**Task:** In the entries that follow, find the line containing "Cover image for" and the line containing "Ev Sahibi Olmak", then retype exactly the lines from the first through the second, pictures excluded.

**Task input:**
▬▬▬▬▬▬

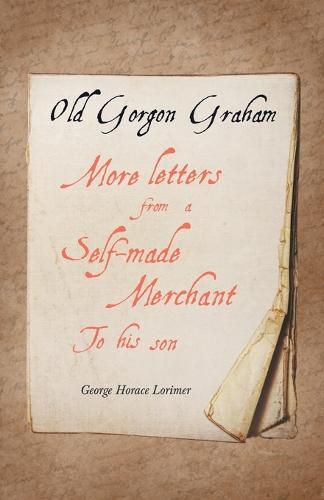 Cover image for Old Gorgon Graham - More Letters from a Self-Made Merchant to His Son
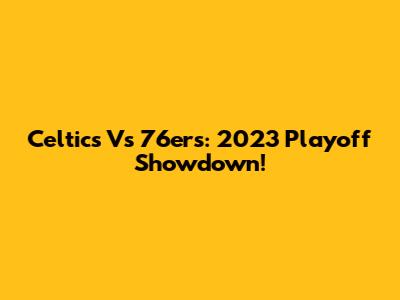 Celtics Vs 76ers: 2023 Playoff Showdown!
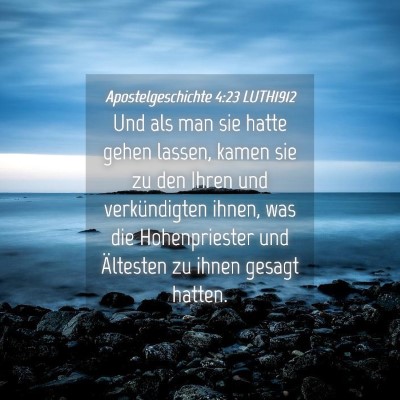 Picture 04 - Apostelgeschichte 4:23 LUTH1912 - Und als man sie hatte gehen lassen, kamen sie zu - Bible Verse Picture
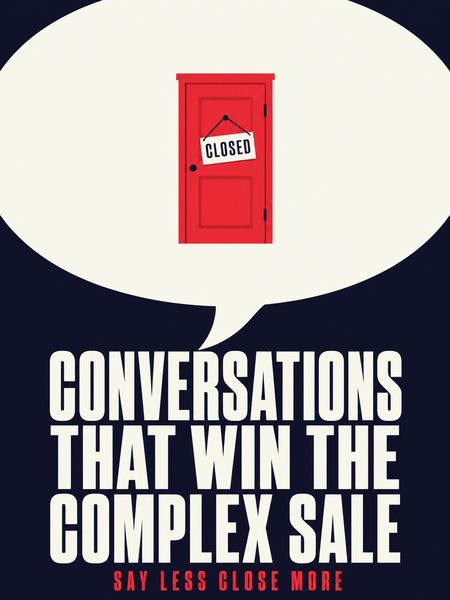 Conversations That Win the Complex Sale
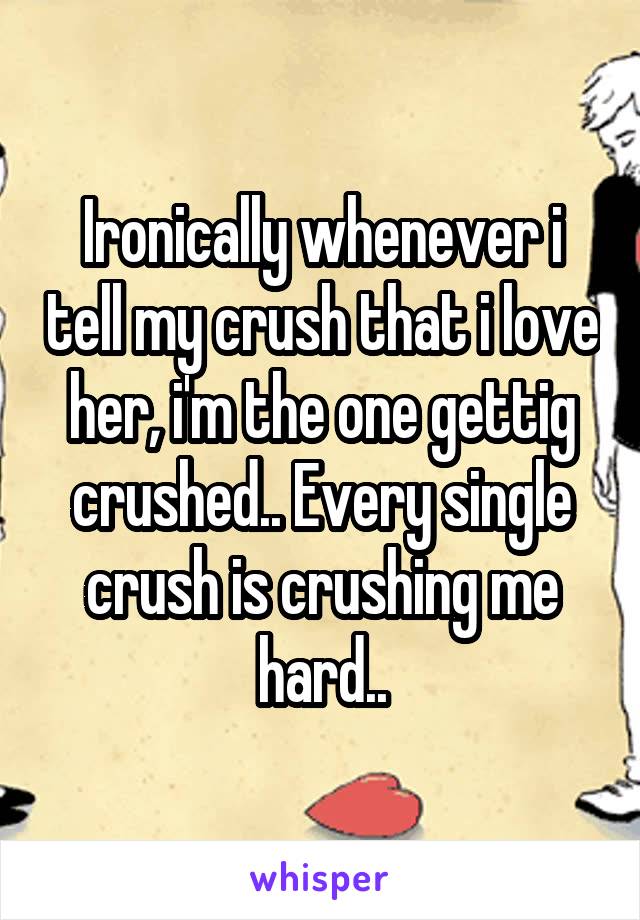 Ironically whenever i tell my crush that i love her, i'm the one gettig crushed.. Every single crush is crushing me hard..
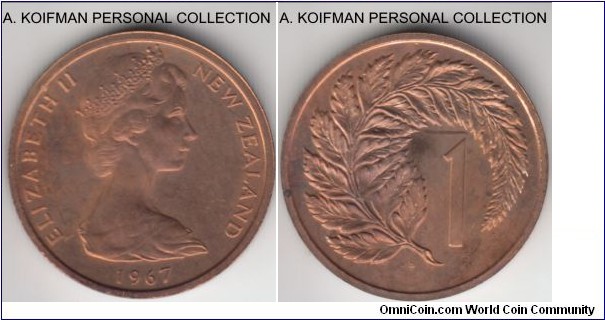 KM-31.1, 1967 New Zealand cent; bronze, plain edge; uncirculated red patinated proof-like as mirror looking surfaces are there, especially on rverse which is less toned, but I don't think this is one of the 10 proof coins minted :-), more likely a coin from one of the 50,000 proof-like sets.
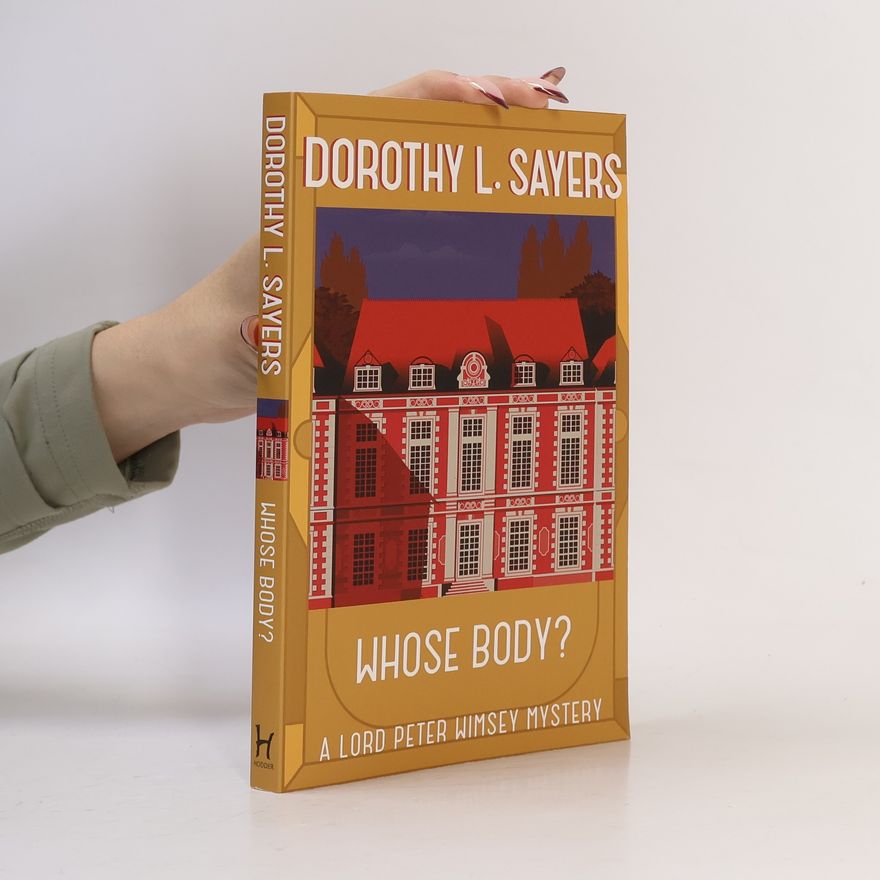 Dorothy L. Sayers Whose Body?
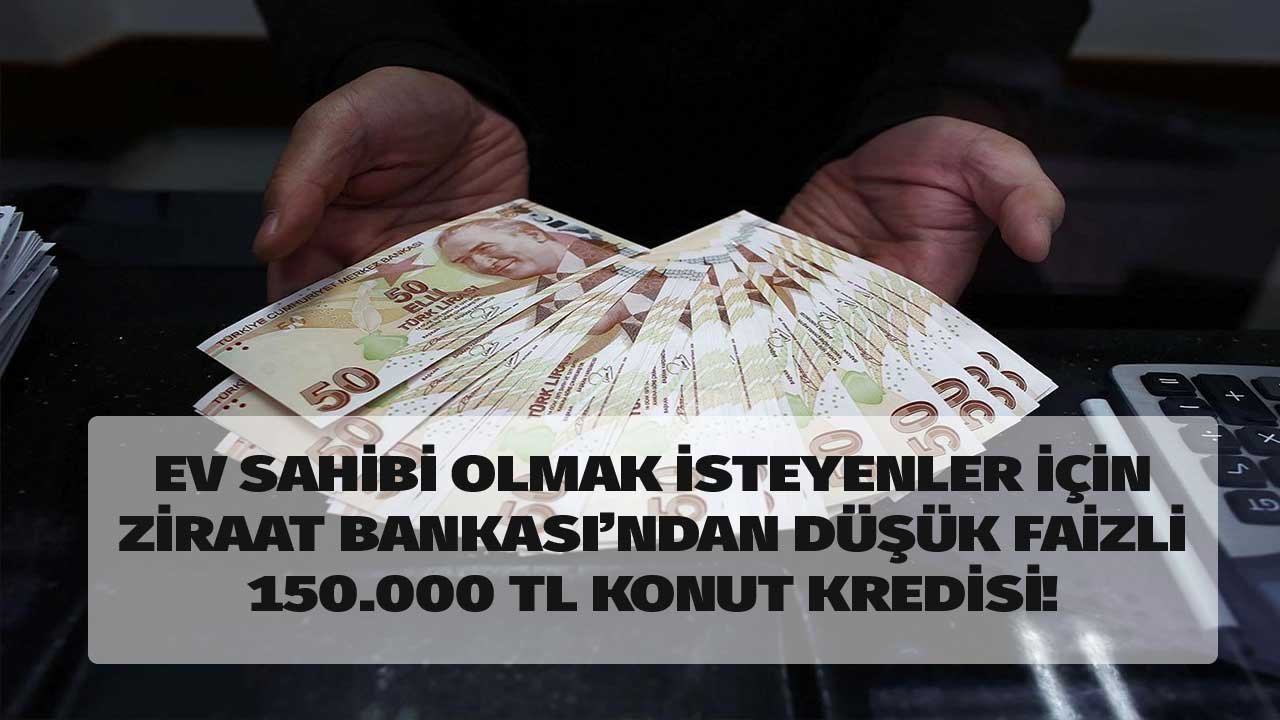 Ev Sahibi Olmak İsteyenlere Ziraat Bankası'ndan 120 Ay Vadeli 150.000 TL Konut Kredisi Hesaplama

▬▬▬▬▬▬

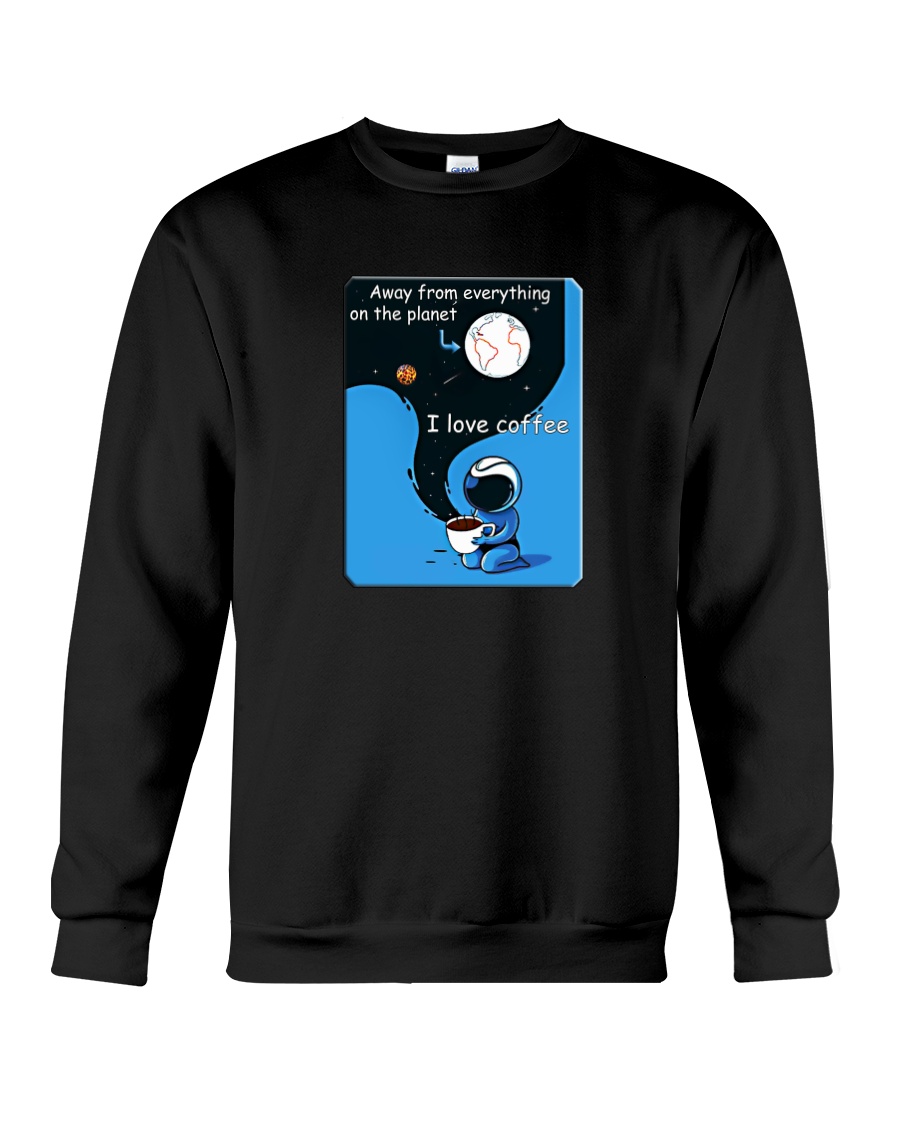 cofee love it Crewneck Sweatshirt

▬▬▬▬▬▬

**Answer space:**
 Cover image for Old Gorgon Graham - More Letters from a Self-Made Merchant to His Son
 Celtics Vs 76ers: 2023 Playoff Showdown!
 Picture 04 - Apostelgeschichte 4:23 LUTH1912 - Und als man sie hatte gehen lassen, kamen sie zu - Bible Verse Picture
 Conversations That Win the Complex Sale
 Ironically whenever i tell my crush that i love her, i'm the one gettig crushed.. Every single crush is crushing me hard..
 KM-31.1, 1967 New Zealand cent; bronze, plain edge; uncirculated red patinated proof-like as mirror looking surfaces are there, especially on rverse which is less toned, but I don't think this is one of the 10 proof coins minted :-), more likely a coin from one of the 50,000 proof-like sets.
 Dorothy L. Sayers Whose Body?
 Ev Sahibi Olmak İsteyenlere Ziraat Bankası'ndan 120 Ay Vadeli 150.000 TL Konut Kredisi Hesaplama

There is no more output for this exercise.